Question

an = cos(npi/2). If convergent find limit of sequence?

Answer 1

an n goes to infinity?

Answer 2

as*

Answer 3

Determine whether the sequence is convergent or divergent. If it is convergent, find its limit.
(a) an = cos(npi/2)
This was the question.

Answer 4

so the sequence is:
\[\cos(\frac{\pi}{2}), \cos(\pi), \cos(\frac{3\pi}{2}), \cos(2\pi), \cos(\frac{5\pi}{2}), \ldots\]
Do konw the value of those cos expressions?

Answer 5

ugh >.< do you know* the value of those cos expressions.

Answer 6

No dude. I have a midterm tomorrow and I have no Idea on how do solve this type of questions. I posted the exact question that was in the review sheet. It is tested on sequences from calc 2.

Answer 7

Will you have access to a calculator during the test? its something you can type right in. If not, you will have to have your trig values memorized.

Answer 8

not really

Answer 9

you dont need to know what the values are, only understand how the cos function behaves

Answer 10

Your help is much appreciated. We can use a scientific calculator but not a graphing one.

Answer 11

well, I take that back. in second term calc, you really should know what those values are

Answer 12

1,0,-1,0,1,0,-1, etc to infinity

Answer 13

so it does not converge

Answer 14

I get it now. Since cos (npi/2) oscillates between -/+ 1 as n tends to infinity. There is no unique value. Therefore limit does not exist and the sequence is divergent.

Am I right?

Answer 15

Yes

Answer 16

Thank you Sir. [Both of you]

Answer 17

\[\forall n \in \mathbb{N} , -1\le \cos(\frac{n \pi}{2})\le1 \]
So the sequence is always contained in the interval [0;1]
But,
\[\lim_{n \rightarrow +\infty} 1 =1 \]
\[\lim_{n \rightarrow +\infty} -1 =-1 \]
So by using the squeeze theorem one concludes that the sequence doesn't converge.

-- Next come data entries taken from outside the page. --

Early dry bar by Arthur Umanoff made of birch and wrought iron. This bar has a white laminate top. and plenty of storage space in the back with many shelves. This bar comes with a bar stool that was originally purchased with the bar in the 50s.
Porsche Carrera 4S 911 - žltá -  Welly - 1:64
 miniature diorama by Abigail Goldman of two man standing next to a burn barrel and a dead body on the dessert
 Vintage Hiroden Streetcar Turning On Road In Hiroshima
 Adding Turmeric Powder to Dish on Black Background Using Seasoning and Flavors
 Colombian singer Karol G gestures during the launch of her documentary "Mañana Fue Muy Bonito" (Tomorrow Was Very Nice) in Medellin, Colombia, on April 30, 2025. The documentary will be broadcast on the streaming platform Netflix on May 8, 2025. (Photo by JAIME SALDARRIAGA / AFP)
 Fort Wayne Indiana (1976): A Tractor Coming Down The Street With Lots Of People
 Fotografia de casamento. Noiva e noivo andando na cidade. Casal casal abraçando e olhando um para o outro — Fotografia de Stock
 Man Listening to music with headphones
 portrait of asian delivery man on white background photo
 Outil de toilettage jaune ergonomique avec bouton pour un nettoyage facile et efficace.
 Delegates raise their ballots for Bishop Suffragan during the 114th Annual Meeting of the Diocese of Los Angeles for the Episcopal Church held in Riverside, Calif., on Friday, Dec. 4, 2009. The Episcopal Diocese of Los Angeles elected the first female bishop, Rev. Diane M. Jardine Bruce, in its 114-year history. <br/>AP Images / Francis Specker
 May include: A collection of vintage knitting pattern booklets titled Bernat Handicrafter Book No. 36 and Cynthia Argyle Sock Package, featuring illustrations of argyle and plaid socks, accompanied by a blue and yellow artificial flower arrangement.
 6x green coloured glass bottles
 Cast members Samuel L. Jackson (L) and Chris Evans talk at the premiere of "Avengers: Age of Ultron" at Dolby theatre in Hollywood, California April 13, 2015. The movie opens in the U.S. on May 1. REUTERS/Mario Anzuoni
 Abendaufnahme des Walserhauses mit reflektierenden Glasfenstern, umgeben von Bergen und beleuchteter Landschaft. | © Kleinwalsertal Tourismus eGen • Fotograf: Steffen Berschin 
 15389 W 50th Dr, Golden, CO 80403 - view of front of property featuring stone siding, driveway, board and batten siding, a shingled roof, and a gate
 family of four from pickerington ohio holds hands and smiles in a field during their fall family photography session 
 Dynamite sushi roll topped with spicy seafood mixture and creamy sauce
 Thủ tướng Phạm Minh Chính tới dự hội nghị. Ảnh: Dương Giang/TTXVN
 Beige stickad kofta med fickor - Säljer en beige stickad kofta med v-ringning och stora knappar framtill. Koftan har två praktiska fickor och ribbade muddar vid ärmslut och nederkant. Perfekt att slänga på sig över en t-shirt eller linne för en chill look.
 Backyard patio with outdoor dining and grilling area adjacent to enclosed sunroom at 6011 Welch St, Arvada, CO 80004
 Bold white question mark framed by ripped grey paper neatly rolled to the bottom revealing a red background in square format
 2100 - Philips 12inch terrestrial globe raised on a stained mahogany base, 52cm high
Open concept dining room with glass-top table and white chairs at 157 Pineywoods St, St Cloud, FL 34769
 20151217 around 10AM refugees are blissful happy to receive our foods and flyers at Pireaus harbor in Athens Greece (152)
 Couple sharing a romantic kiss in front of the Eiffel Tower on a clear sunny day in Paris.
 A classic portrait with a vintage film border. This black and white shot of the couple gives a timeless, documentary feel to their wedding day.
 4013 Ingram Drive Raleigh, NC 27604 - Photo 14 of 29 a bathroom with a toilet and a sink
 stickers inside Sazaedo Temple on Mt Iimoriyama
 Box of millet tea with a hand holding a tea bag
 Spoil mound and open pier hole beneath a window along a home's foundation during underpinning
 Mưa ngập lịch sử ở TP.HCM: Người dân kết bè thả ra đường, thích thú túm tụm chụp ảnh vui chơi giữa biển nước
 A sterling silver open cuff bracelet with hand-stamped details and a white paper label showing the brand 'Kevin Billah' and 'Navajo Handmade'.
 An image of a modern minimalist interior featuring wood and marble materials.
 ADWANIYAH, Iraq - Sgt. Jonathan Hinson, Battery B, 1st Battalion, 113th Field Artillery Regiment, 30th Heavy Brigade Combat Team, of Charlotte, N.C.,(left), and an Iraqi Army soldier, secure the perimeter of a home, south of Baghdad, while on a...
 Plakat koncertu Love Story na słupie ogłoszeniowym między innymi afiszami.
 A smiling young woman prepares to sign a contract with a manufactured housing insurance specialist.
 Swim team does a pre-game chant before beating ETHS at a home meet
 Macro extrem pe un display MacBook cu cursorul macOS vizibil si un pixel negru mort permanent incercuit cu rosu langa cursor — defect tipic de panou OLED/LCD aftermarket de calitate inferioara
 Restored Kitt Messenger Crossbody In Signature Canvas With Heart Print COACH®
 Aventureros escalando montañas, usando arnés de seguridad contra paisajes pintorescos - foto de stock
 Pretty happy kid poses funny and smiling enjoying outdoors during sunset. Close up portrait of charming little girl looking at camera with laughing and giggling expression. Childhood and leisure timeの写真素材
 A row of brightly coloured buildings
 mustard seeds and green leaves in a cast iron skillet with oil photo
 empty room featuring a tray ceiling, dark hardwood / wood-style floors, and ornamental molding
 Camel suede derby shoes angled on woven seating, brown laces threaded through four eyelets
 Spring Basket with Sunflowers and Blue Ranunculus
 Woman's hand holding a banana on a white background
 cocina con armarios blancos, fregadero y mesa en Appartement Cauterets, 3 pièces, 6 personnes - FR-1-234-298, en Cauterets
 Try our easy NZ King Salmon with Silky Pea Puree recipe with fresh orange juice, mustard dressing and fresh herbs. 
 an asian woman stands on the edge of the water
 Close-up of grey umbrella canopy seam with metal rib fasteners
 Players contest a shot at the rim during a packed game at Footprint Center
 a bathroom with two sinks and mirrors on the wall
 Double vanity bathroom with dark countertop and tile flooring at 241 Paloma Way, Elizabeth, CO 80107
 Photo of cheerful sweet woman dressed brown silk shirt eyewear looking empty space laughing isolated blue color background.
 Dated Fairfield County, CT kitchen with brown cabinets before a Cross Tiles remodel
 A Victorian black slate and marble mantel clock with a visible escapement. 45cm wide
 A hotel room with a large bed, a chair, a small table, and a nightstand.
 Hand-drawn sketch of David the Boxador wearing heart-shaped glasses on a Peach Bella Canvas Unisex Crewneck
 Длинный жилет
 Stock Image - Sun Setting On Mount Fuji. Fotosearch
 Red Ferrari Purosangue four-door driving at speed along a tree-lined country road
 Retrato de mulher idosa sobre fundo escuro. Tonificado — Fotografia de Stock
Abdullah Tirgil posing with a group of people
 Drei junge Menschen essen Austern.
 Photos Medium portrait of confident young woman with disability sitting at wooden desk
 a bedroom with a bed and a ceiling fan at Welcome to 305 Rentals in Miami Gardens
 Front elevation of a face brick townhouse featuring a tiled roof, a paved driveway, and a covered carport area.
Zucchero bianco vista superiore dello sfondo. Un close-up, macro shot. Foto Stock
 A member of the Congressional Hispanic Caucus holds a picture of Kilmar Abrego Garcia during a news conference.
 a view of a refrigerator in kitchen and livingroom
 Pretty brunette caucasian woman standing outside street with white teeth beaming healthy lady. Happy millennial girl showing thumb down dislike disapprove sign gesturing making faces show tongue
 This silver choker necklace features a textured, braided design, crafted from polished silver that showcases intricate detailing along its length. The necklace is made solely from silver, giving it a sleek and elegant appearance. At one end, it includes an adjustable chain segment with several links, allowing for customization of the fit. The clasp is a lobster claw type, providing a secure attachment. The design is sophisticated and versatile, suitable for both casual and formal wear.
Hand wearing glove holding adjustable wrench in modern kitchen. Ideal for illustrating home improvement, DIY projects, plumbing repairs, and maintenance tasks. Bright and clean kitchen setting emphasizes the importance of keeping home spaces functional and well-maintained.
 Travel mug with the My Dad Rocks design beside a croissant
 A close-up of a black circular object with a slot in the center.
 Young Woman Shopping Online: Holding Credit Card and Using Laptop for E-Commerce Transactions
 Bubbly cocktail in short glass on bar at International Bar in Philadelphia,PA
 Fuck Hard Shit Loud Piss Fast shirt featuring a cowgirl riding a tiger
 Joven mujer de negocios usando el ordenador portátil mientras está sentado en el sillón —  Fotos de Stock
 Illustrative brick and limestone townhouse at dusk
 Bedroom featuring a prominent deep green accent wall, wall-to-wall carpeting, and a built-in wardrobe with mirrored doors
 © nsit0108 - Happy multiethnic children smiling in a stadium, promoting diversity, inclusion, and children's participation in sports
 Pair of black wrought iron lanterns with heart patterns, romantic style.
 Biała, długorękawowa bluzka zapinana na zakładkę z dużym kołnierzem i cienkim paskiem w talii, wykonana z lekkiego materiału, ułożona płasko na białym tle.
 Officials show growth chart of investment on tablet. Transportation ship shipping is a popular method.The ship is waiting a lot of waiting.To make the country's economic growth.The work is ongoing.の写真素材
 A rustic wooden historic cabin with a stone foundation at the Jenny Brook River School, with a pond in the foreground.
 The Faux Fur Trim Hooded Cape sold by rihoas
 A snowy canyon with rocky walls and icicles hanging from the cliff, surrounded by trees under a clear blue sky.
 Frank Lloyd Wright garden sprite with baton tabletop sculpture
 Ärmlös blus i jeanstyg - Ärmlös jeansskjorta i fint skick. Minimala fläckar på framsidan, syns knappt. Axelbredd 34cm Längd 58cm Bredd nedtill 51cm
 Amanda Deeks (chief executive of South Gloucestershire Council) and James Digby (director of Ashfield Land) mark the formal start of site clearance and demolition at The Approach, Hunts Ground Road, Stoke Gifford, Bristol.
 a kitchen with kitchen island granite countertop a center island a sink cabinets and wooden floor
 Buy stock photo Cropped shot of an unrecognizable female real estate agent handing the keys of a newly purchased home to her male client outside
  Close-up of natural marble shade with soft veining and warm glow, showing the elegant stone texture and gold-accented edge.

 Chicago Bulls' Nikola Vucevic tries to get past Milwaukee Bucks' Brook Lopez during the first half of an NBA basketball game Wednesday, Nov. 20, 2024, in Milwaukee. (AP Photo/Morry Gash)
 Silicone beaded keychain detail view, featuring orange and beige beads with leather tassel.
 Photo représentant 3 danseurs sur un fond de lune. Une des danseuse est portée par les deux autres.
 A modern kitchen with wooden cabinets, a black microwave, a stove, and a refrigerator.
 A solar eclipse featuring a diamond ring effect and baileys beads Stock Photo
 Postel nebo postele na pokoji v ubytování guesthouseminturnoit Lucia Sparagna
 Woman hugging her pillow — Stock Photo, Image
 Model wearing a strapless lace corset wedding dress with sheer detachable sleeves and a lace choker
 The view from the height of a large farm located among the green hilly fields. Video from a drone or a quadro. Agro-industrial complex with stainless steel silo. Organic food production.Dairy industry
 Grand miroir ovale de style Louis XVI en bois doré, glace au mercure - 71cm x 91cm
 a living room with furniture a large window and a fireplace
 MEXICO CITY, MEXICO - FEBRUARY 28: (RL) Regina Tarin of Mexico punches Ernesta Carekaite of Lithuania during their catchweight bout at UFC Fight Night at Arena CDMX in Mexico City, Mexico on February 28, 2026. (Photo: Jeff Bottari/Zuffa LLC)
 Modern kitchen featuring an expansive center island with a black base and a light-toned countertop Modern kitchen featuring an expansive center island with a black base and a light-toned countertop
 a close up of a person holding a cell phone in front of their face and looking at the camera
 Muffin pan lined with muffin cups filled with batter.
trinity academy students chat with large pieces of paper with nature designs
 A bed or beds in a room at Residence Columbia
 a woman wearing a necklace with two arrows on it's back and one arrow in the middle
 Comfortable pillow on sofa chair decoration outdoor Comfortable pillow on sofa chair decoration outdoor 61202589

That would be the rigurous way to answer it.

Answer 18

What about an = ln(n)/sqrt(n). Does it converge or diverge?

Answer 19

Use L'Hopital's Rule to simplify the problem.

Answer 20

for ^^ use the p rule if 1/n^p if p is greater than one it will diverge and if it is less than one it will converge it will look like this 1/n^1/p

to answer your original question, i dont know that one but i know sin and cos dont converge

Answer 21

They don't, but on paper you have to prove it.